**TASK ITEM:** Span requested from the data below: the line with "Paire de tables" through the line with "LEGO HP005 Harry", both included. Give only these lines again, exactly, and leave every picture out.

══ LISTED RECORDS

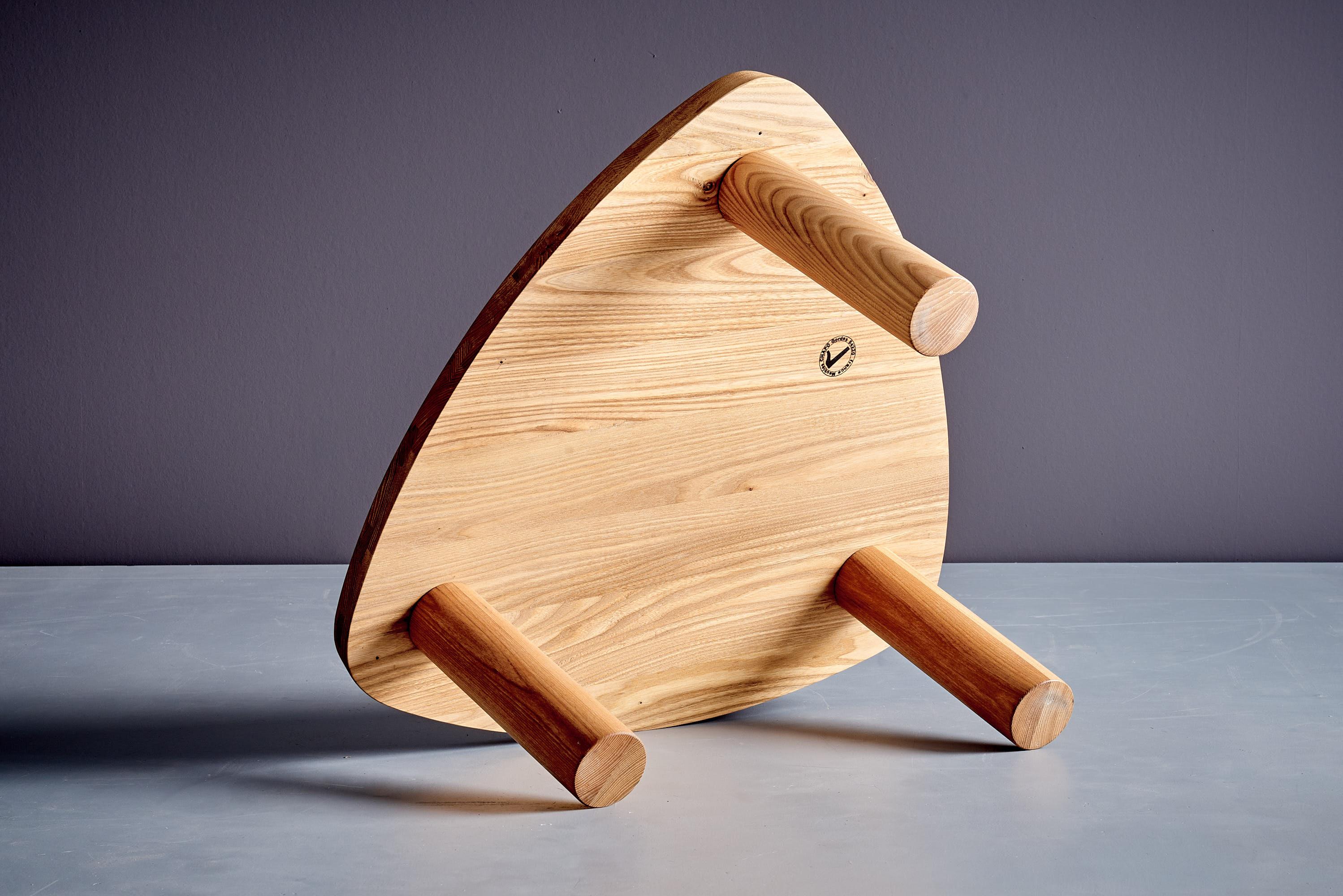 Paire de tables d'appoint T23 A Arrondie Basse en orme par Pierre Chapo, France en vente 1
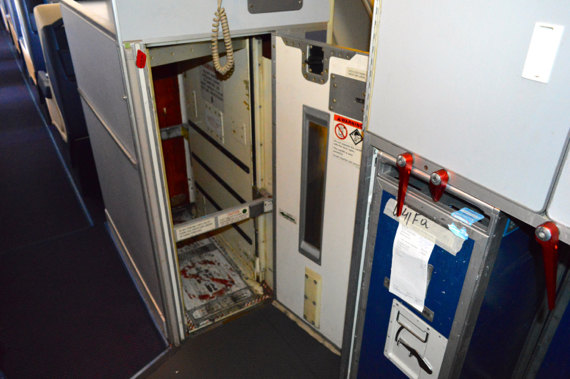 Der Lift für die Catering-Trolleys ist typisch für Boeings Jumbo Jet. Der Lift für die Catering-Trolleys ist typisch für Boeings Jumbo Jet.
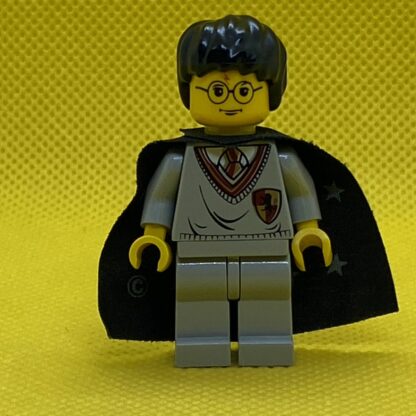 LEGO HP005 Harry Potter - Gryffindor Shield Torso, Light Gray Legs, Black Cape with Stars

════
══ LISTED RECORDS

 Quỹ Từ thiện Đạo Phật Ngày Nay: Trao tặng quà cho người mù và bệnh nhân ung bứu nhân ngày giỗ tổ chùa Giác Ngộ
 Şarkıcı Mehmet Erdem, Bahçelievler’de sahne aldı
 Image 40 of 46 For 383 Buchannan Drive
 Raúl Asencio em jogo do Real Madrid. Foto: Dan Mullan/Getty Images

════
══ LISTED RECORDS

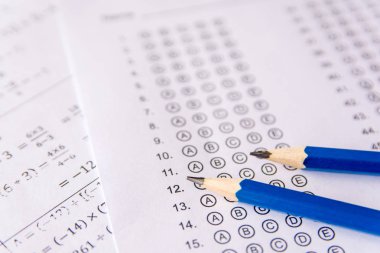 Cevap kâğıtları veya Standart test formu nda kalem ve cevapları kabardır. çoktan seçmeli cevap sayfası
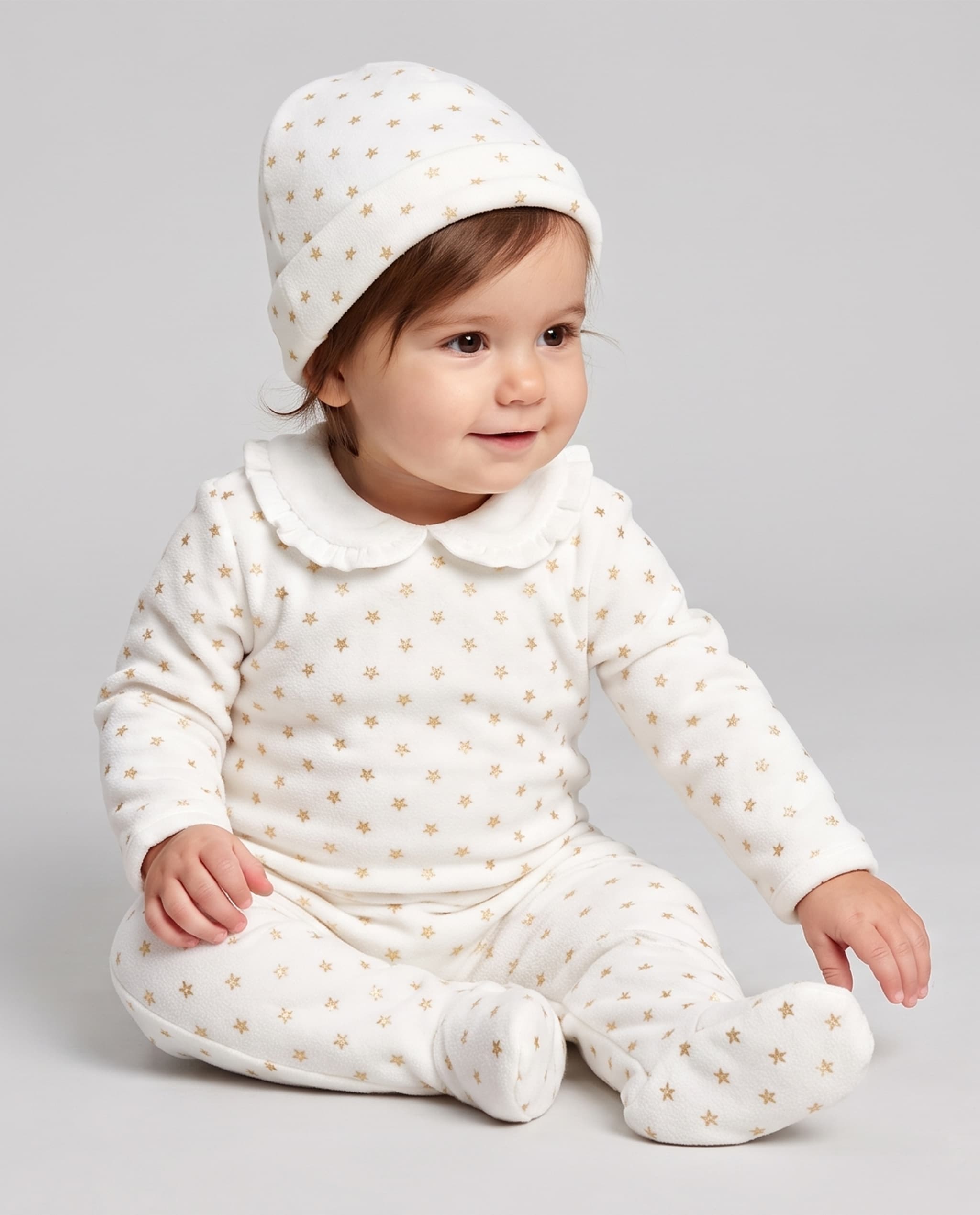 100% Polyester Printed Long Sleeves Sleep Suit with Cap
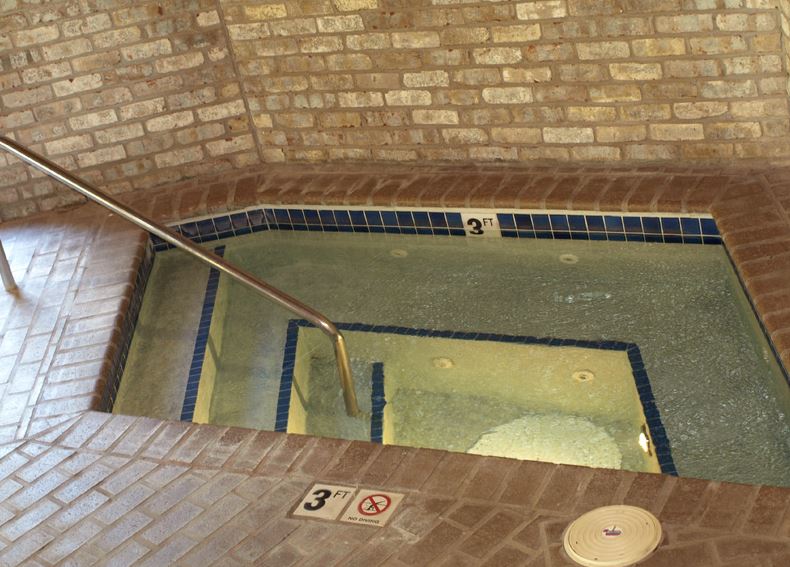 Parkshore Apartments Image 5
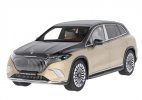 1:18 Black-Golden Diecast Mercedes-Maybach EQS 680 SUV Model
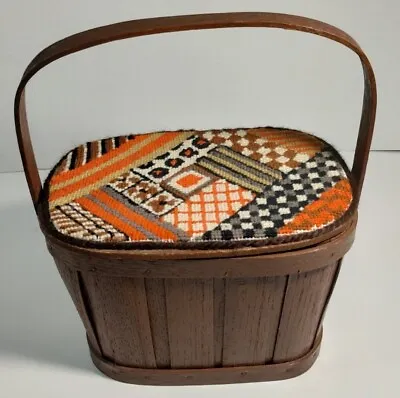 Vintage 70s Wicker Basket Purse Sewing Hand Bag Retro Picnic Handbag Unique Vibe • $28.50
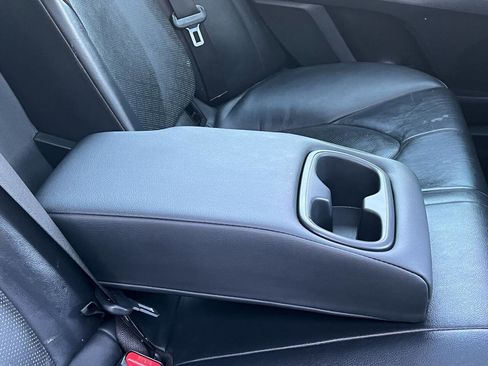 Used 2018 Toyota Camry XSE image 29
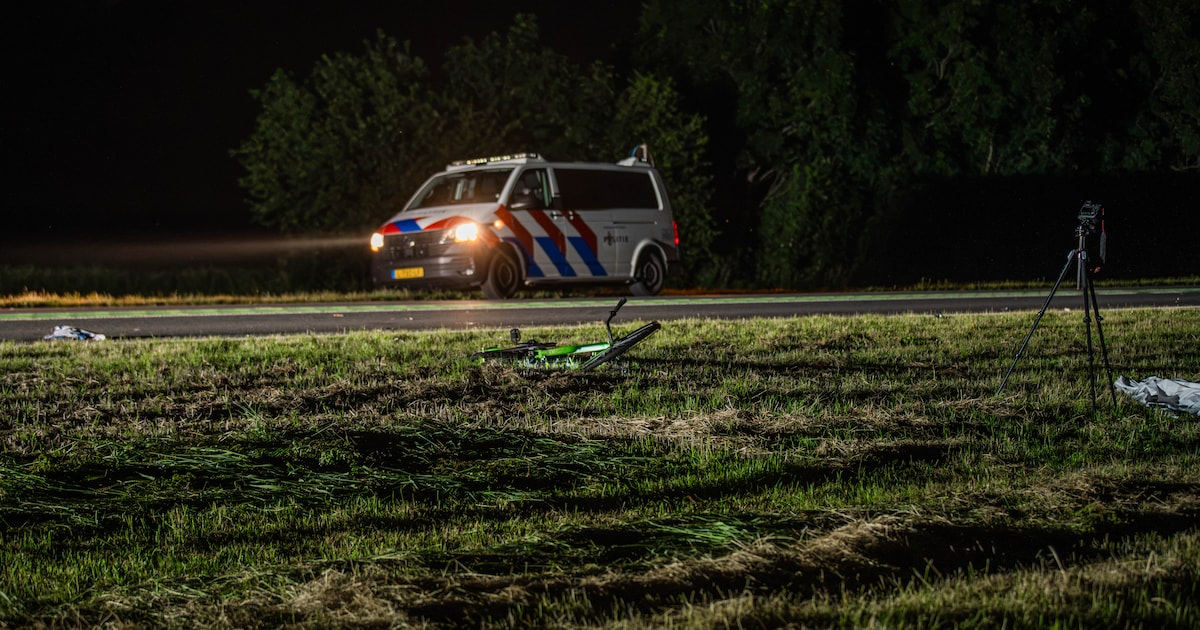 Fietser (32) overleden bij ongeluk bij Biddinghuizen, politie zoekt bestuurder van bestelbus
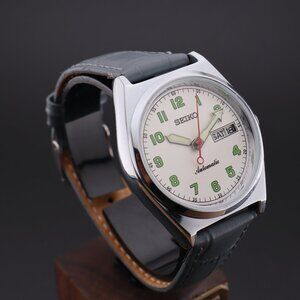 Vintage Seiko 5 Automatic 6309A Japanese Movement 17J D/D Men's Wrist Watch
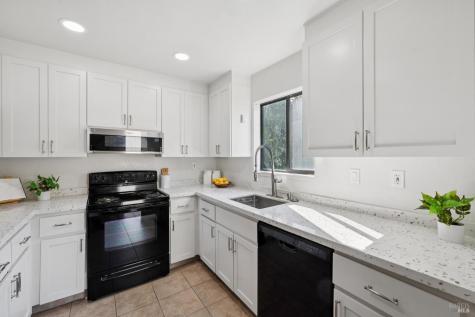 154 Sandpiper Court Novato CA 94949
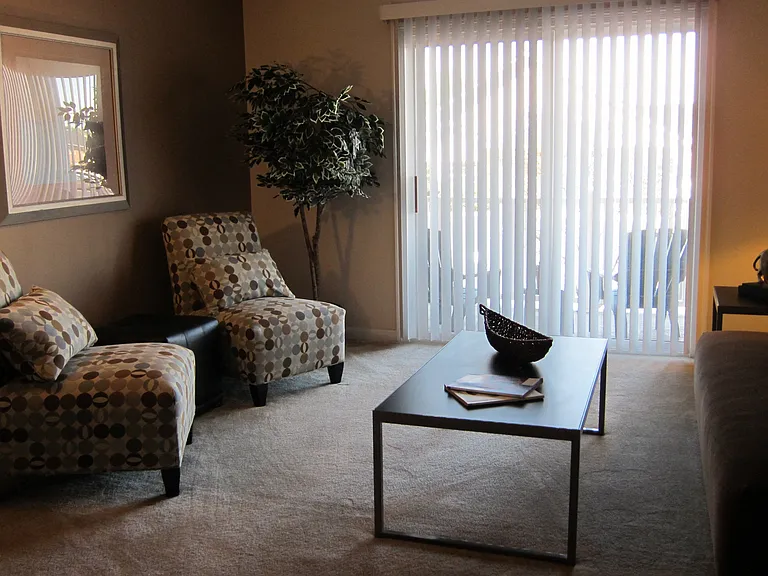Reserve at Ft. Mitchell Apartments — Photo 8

════

**RESPONSE TO THE TASK:**
 Paire de tables d'appoint T23 A Arrondie Basse en orme par Pierre Chapo, France en vente 1
 Der Lift für die Catering-Trolleys ist typisch für Boeings Jumbo Jet. Der Lift für die Catering-Trolleys ist typisch für Boeings Jumbo Jet.
 LEGO HP005 Harry Potter - Gryffindor Shield Torso, Light Gray Legs, Black Cape with Stars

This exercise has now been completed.